It amazes me that one saint leads me to another. In reading about Mother Mectilde de Bar, I came
across Bl. Columba Marmion and his name leads me to another. Here is a great friend of the Blessed.
DESIRE-FELICIEN-FRANCOIS-JOSEPH
MERCIER born in
1851 was a Belgian cardinal and a
noted Thomist scholar. His scholarship
gained him recognition from the Pope and he was appointed as Archbishop of Mechelen,
serving from 1906 until his death, and was elevated to the cardinalate in 1907.
Mercier is
noted for his staunch resistance to the German occupation of 1914–1918 during the Great War.
Desiré
Mercier was born at the château du
Castegier in Braine-l'Alleud, as the fifth of the seven children
of Paul-Léon Mercier and his wife Anne-Marie Barbe Croquet. He entered the minor
seminary at Mechelen in
1861 to prepare for the church. He was ordained to
the priesthood by Archbishop Giacomo
Cattani, the nuncio to
Belgium ,
on 4 April 1874. Father Mercier continued with graduate studies, obtaining his licentiate in theology in 1877 and a doctorate in philosophy from
the University of Louvain.
One of his
maternal uncles was the Reverend Fr. Adrien Croquet a
missionary to the Grand Ronde Indian Reservation in
western Oregon near
the Pacific coast, where his surname was anglicized to Crockett. In the 1870s,
a Mercier cousin, Joseph Mercier, joined their uncle Fr. Croquet in Oregon . He married a
woman of one of the Native American tribes
resident there. Today, several thousand descendants of Joseph and his wife are
members of the tribe.
In 1877 Father
Mercier began teaching philosophy at Mechelen's minor seminary as well as becaming
the spiritual director. His comprehensive knowledge
of St Thomas Aquinas earned him the newly
erected chair of Thomism at Louvain's Catholic university in
1882, a post he held till 1905. It was here that he forged a lifelong
friendship with Dom Columba
Marmion (See previous BLOG). Raised to the rank of Monsignor on
6 May 1887, Father Mercier founded the Higher Institute of Philosophy at
the Louvain University in 1899, which was to be a
beacon of Neo-Thomist philosophy.
His
reputation within his field gained the recognition of Pope Pius X,
and he was appointed as Archbishop of Mechelen and Primate of Belgium on
7 February 1906. He received his episcopal consecration on the
following 25 March taking as his episcopal motto: Apostle of
Jesus Christ.
With the
overrunning of Belgium
and the exile of both the King and his government Cardinal Mercier acted as the
rallying point for Belgian resistance to German occupation. He was also
one of the cardinal electors in
the 1922 papal conclave, which selected Pope Pius XI.

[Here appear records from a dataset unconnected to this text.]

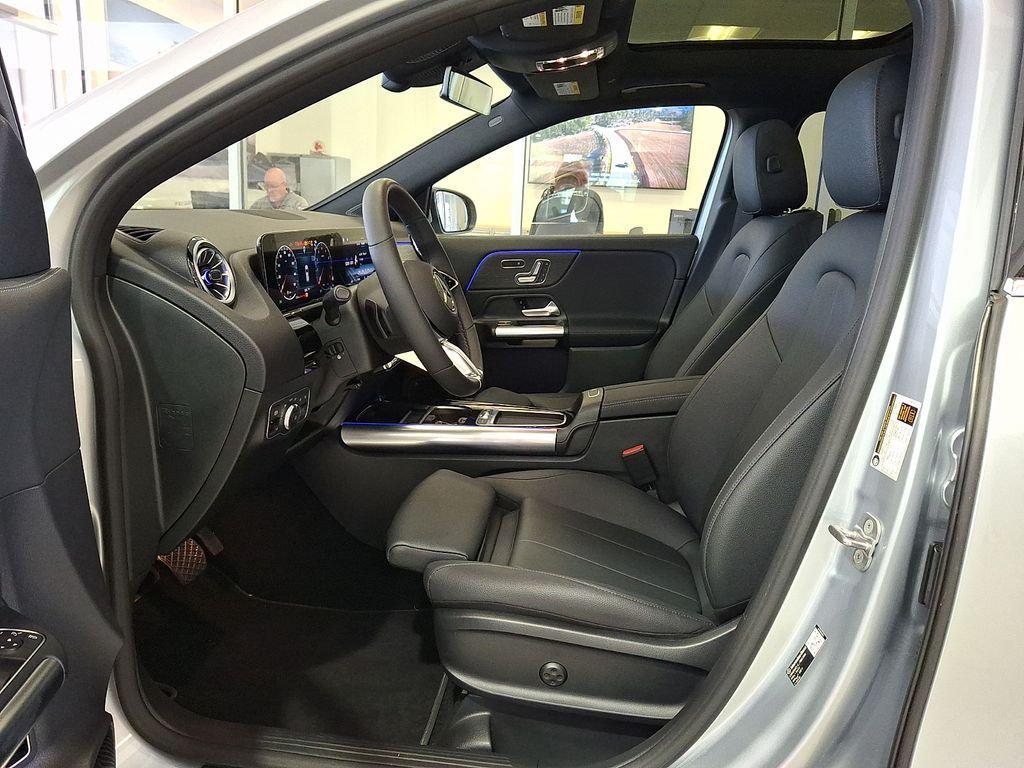 used 2026 Mercedes-Benz GLA 250 car, priced at $48,297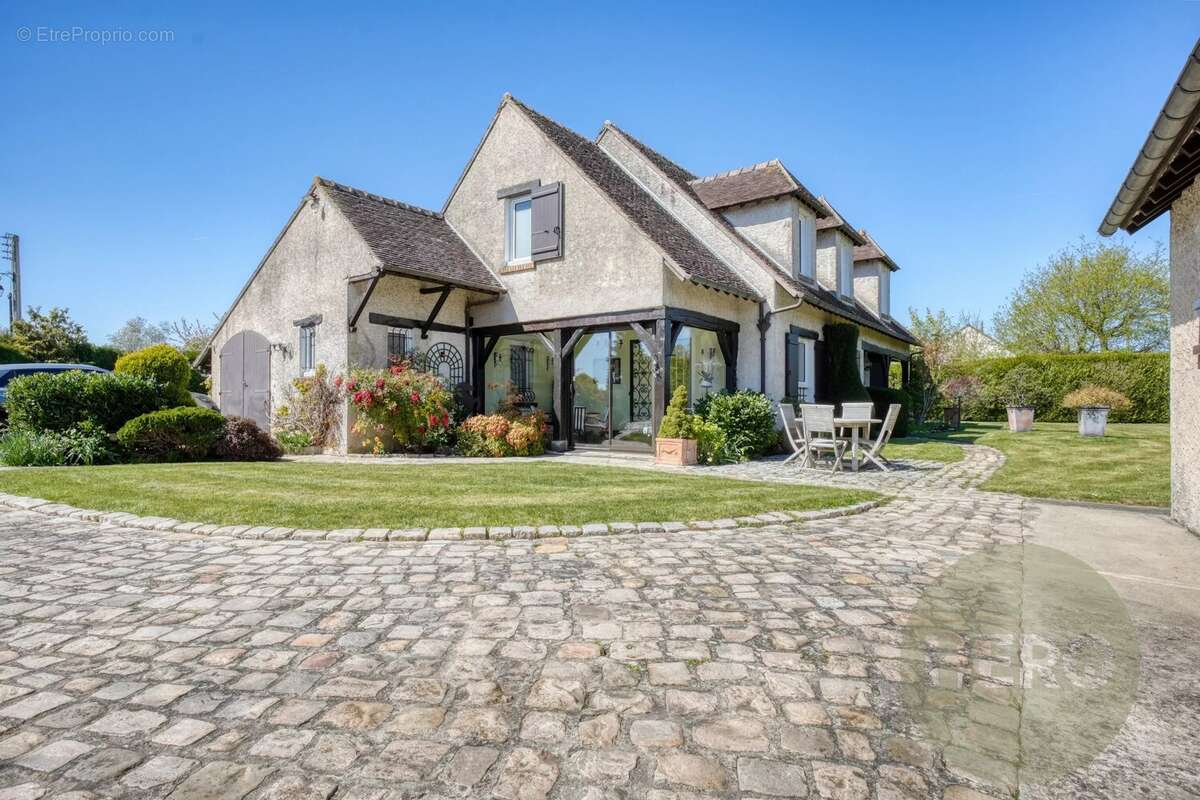 Maison à RAMBOUILLET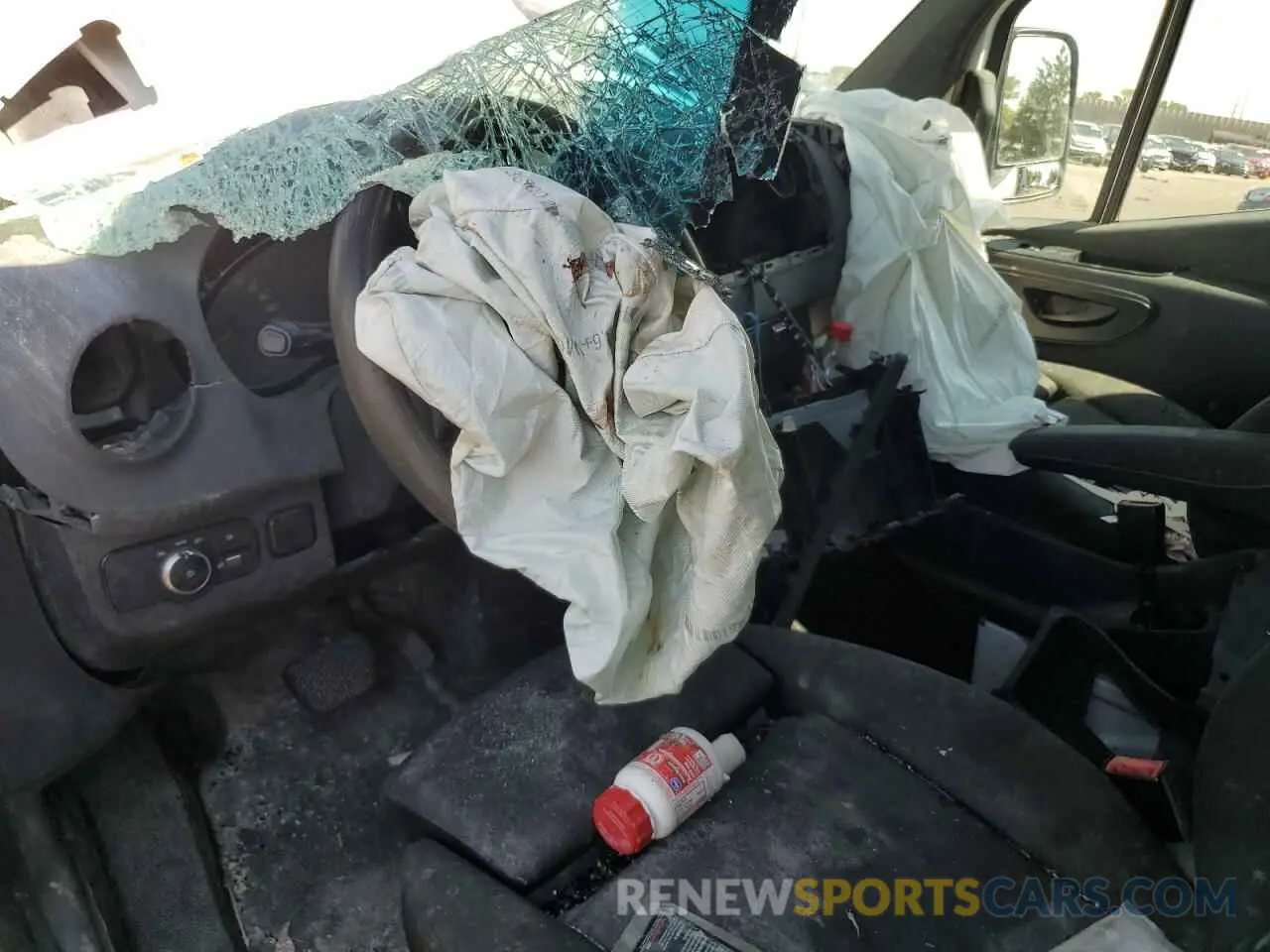 8 Photograph of a damaged car W1W8EC6YXLT038619 MERCEDES-BENZ SPRINTER 2020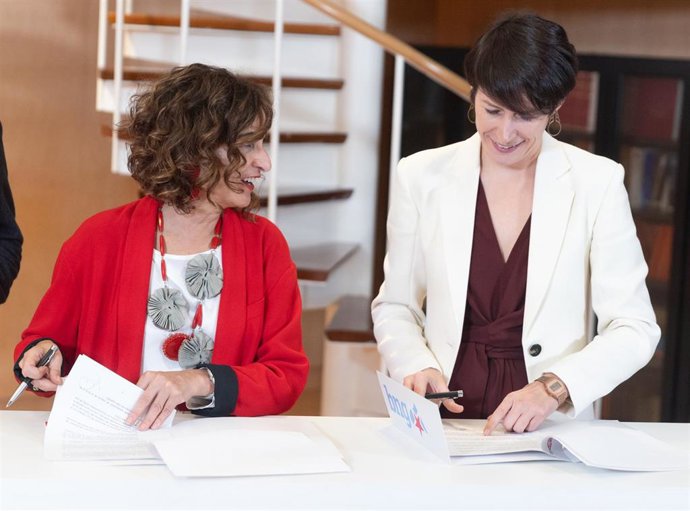 La ministra de Hacienda en funciones y vicesecretaria general del PSOE, María Jesús Montero (i) y la portavoz nacional del BNG, Ana Pontón (d), durante la firma de un acuerdo para la investidura del presidente del Gobierno en funciones, en el Congreso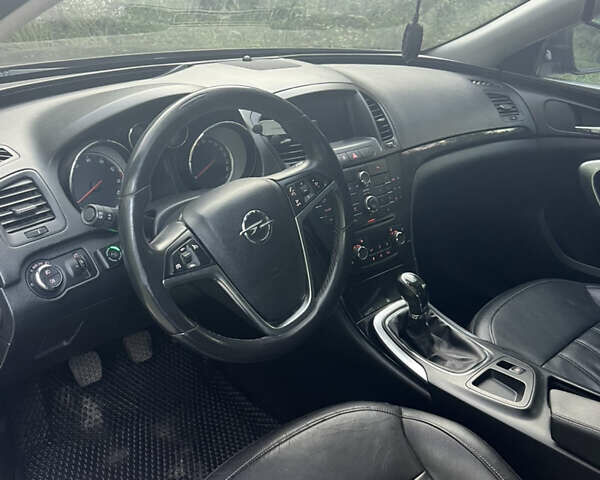 Коричневый Опель Инсигния, объемом двигателя 1.6 л и пробегом 210 тыс. км за 8500 $, фото 15 на Automoto.ua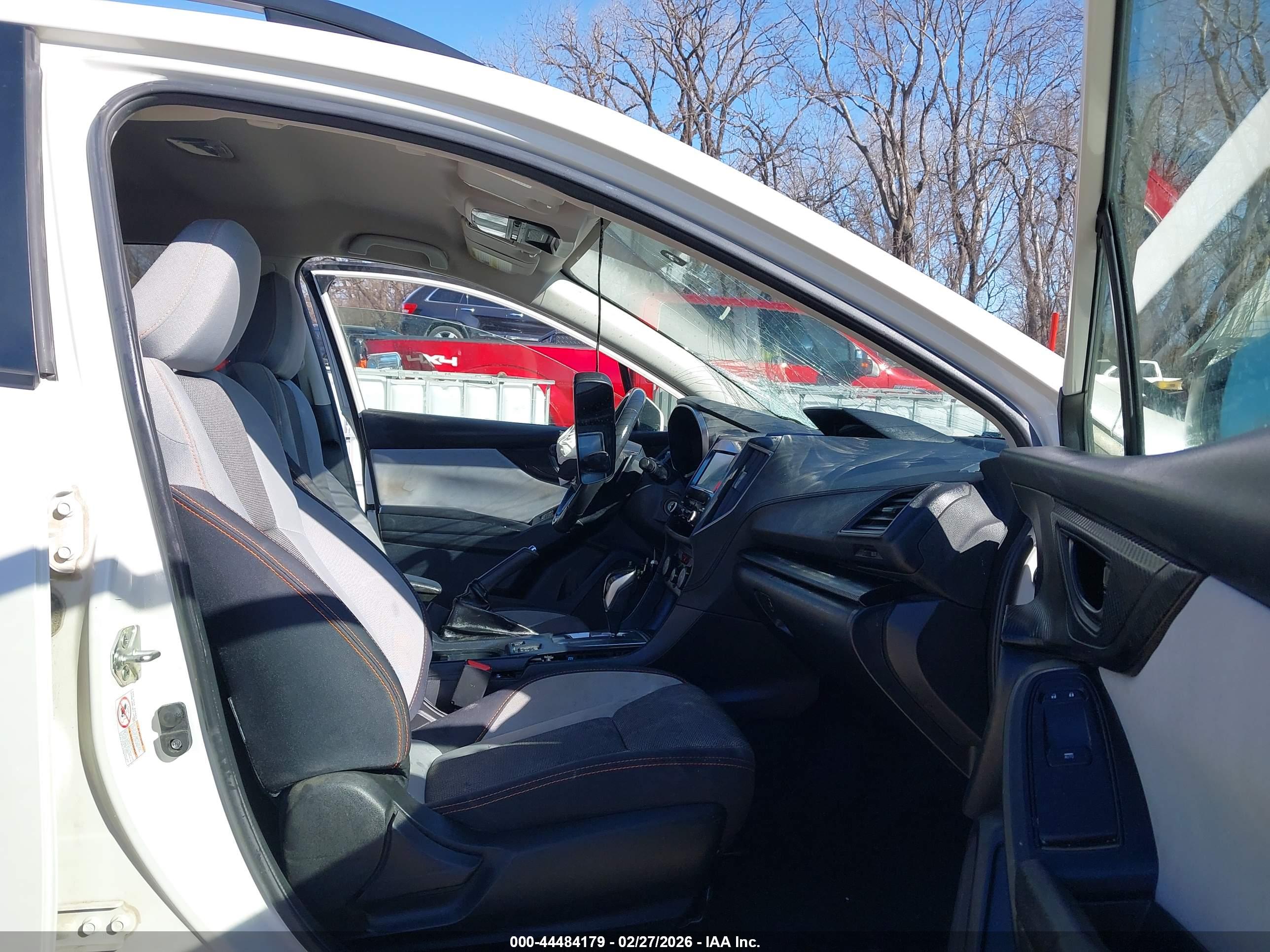 SUBARU CROSSTREK image 5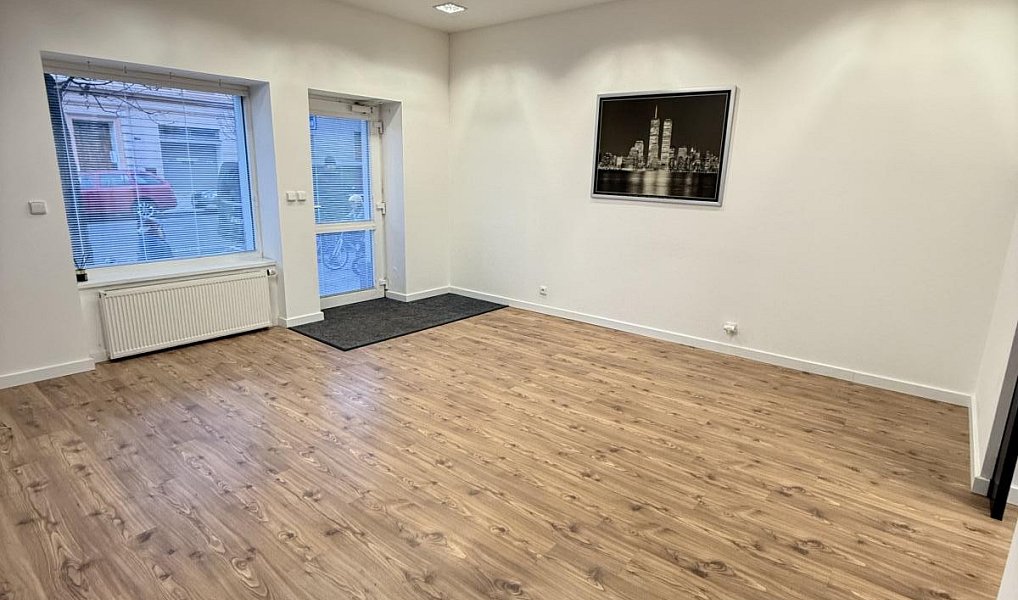 Pronájem kanceláře 48 m², Duchcov – náhled fotky 2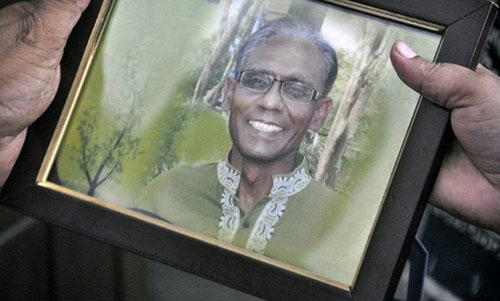 Bangladesh professor hacked to death in suspected Islamist attack Bangladesh professor hacked to death in suspected Islamist attack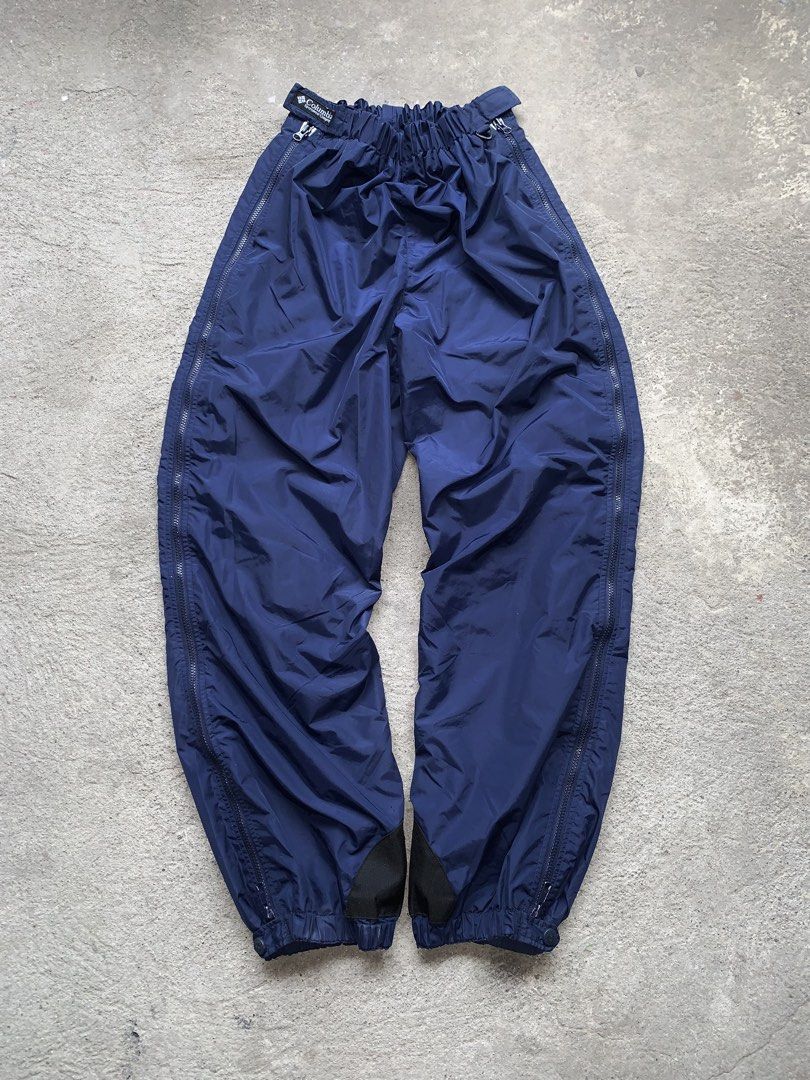 Vintage Columbia Full-Zip Rain Pants (Category: Activewear) located in Angeles City. Submitted by _choloman (Listing ID 1456245377, Image 2). Description: Vintage Columbia Full-Zip Rain Pants fits large to men size waist: 26-36 length: 43” leg op: 8” Condition: 9.5/10 Issue: None [Actual color may vary due to lighting] Price: ₱1,199 shipped! Shipping via J&T Express 📍 Location: Pampanga.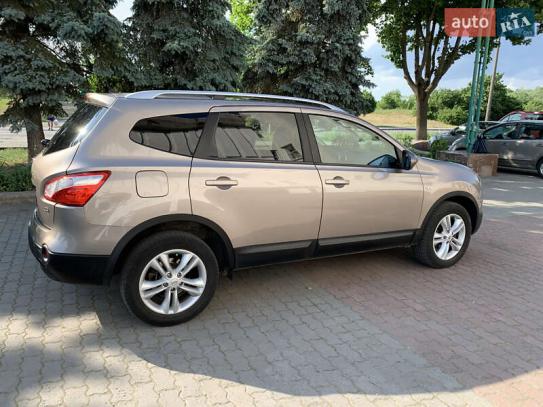 Nissan Qashqai +2                      2012г. в рассрочку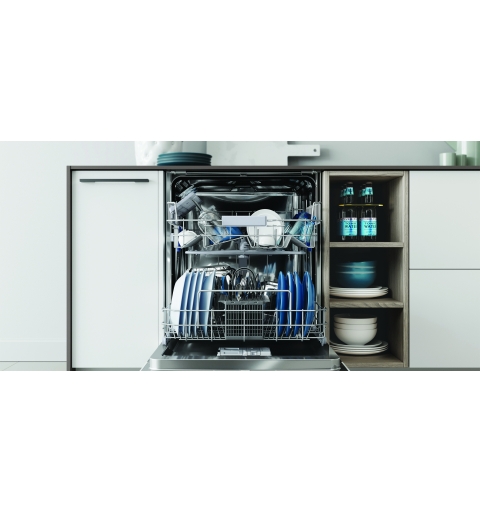 Indesit IN2IFC14BN6 Entièrement intégré 14 couverts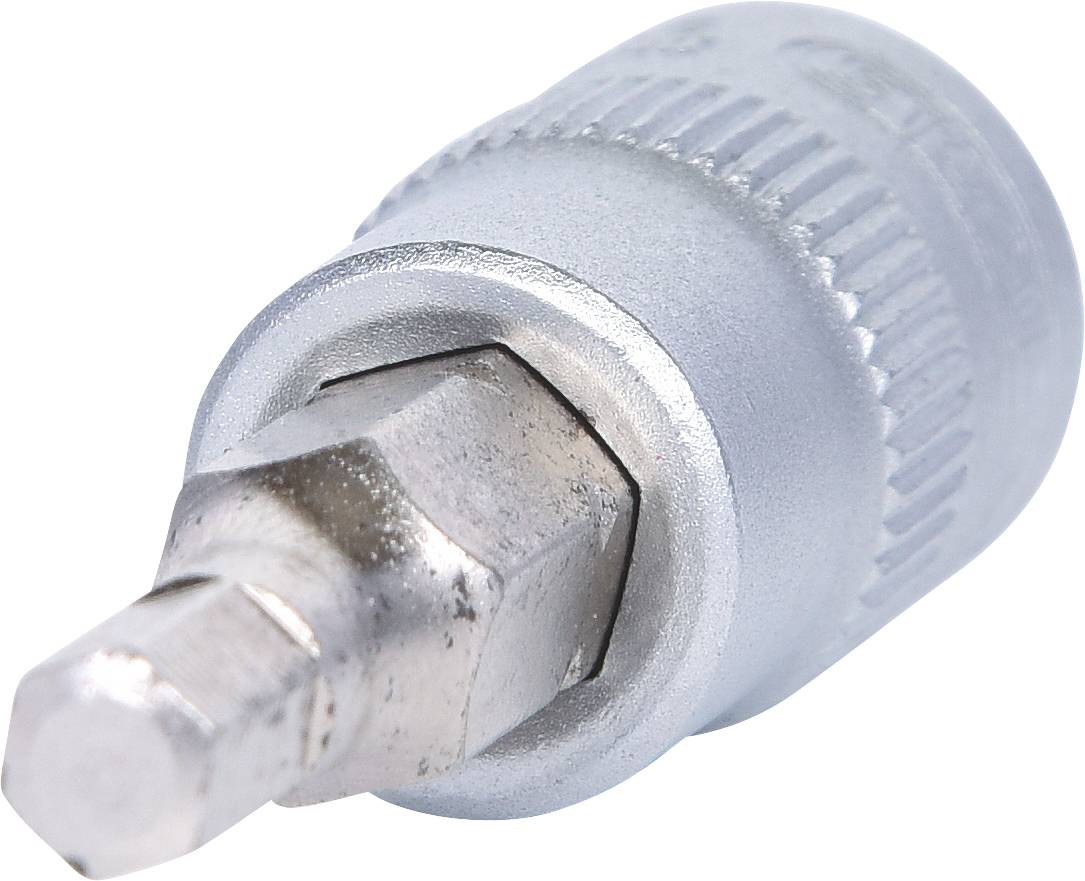 Ein silberfarbener Sechskant-Steckschlüsseladapter mit geriffelter Oberfläche, geeignet für Schraubendreher oder Ratschen.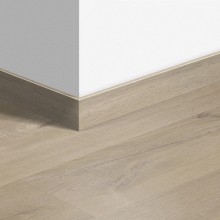Виниловый плинтус Quick-Step стандартный Дуб хлопковый бежевый (Cotton oak beige) QSVSK40103 (PUGP40103 PUCL40103 AVMP40103) 58 x 12 мм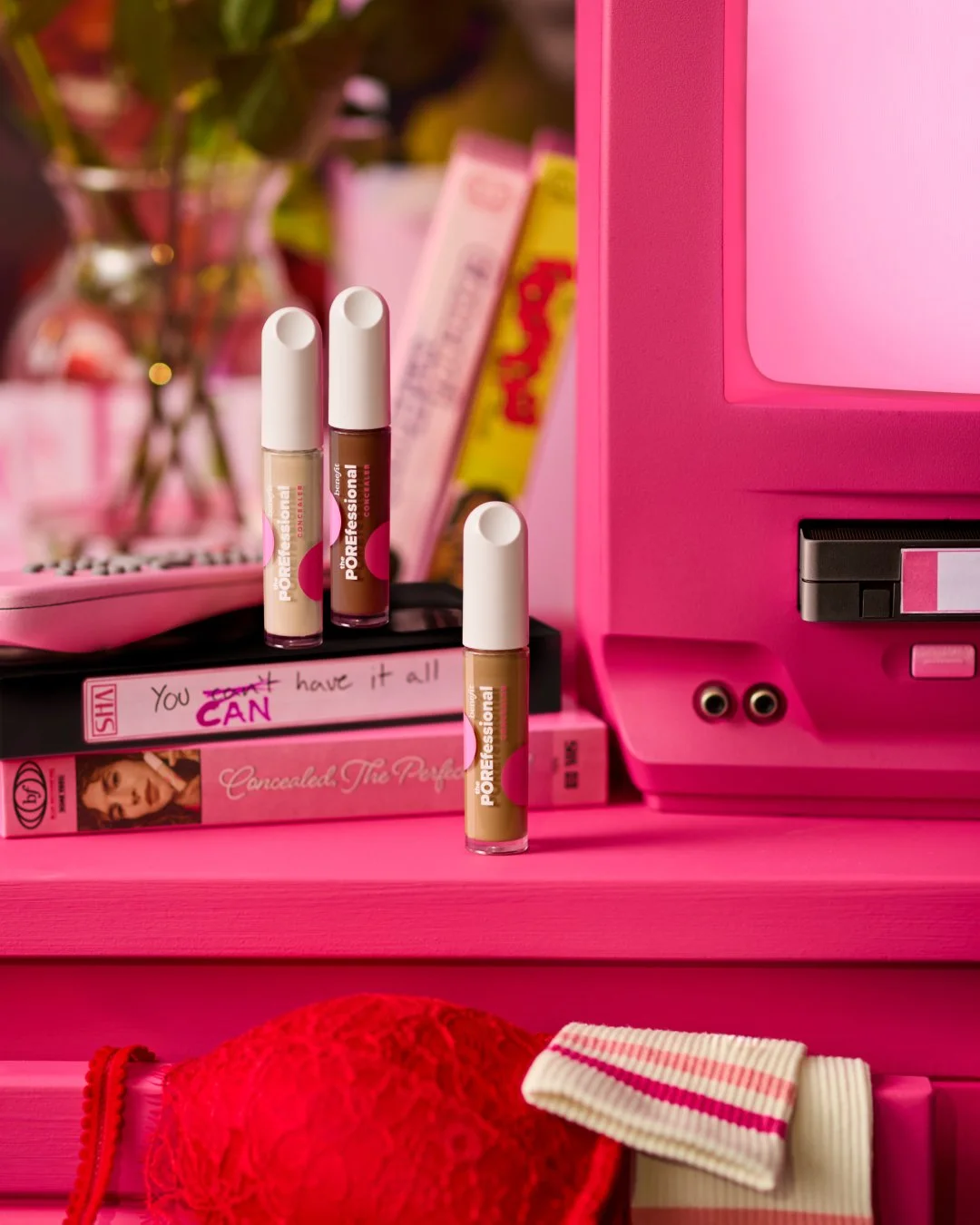 260901_POREfessionalConcealer_Social_Editorial-5.jpg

By the time he returned from the election of the new Pope, Benedict XV,
the majority of the country was in German hands.
Publishing
open letters (which were subsequently picked up by Allied and neutral
newspapers) the Cardinal criticized the German occupation force. Ordinarily
he could have been expected to be arrested and perhaps even shot for his
subversive views - regardless of his position as a cardinal, but his unusually high profile, and
popularity among German Catholics, ensured his continuing liberty, aside from a
brief period of arrest in January 1915.
Cardinal Mercier
exerted continuous (and ultimately successful) pressure upon the Germans to cease
deporting Belgian laborers to factories in Germany , and campaigned against Germany 's incitement of Belgium 's
Flemish population.
Cardinal Mercier
suffered from persistent dyspepsia and in early January 1926 he underwent surgery for
a lesion of
the stomach. During
surgery, the anaesthetized Cardinal held a conversation with his
surgeon.
In his
final days, he was visited by King Albert and Queen Elizabeth, Lord Halifax, and family
members. He entered a deep coma around 2:00 p.m. on 23 January and died an hour
later, at age 74. The Cardinal was buried at St. Rumbolds Cathedral.
The
Cardinal had a great devotion of the Sacred Heart.
“I am going
to reveal to you the secret of sanctity and happiness. Every day for five
minutes control your imagination and close your eyes to all the noises of the
world in order to enter into yourself. Then, in the sanctuary of your baptized
soul (which is the temple of the Holy Spirit) speak to that Divine Spirit,
saying to Him:
O Holy Spirit, beloved of my soul, I adore You. Enlighten me, guide me, strengthen me, console me. Tell me what I should do; give me Your orders. I promise to submit myself to all that You desire of me and to accept all that You permit to happen to me. Let me only know Your Will.
If you do this, your life will flow along happily, serenely, and full of consolation, even in the midst of trials. Grace will be proportioned to the trial, giving you the strength to carry it and you will arrive at the Gate of Paradise, laden with merit. This submission to the Holy Spirit is the secret of sanctity”.